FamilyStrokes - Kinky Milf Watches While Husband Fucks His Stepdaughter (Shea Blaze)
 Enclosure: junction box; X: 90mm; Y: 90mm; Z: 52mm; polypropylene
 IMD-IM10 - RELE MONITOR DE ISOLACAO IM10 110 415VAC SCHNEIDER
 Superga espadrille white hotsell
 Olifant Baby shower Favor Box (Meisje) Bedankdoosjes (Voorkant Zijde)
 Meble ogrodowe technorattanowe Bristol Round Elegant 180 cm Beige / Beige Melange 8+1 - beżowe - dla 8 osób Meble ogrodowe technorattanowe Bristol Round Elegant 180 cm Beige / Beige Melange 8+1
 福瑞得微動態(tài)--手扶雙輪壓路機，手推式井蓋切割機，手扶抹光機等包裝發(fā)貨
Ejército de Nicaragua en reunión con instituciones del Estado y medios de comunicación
============================================================
:: What you have to do ::
Write out the data above once more, exactly as it stands.

:: Response to the task ::
FamilyStrokes - Kinky Milf Watches While Husband Fucks His Stepdaughter (Shea Blaze)
 Enclosure: junction box; X: 90mm; Y: 90mm; Z: 52mm; polypropylene
 IMD-IM10 - RELE MONITOR DE ISOLACAO IM10 110 415VAC SCHNEIDER
 Superga espadrille white hotsell
 Olifant Baby shower Favor Box (Meisje) Bedankdoosjes (Voorkant Zijde)
 Meble ogrodowe technorattanowe Bristol Round Elegant 180 cm Beige / Beige Melange 8+1 - beżowe - dla 8 osób Meble ogrodowe technorattanowe Bristol Round Elegant 180 cm Beige / Beige Melange 8+1
 福瑞得微動態(tài)--手扶雙輪壓路機，手推式井蓋切割機，手扶抹光機等包裝發(fā)貨
Ejército de Nicaragua en reunión con instituciones del Estado y medios de comunicación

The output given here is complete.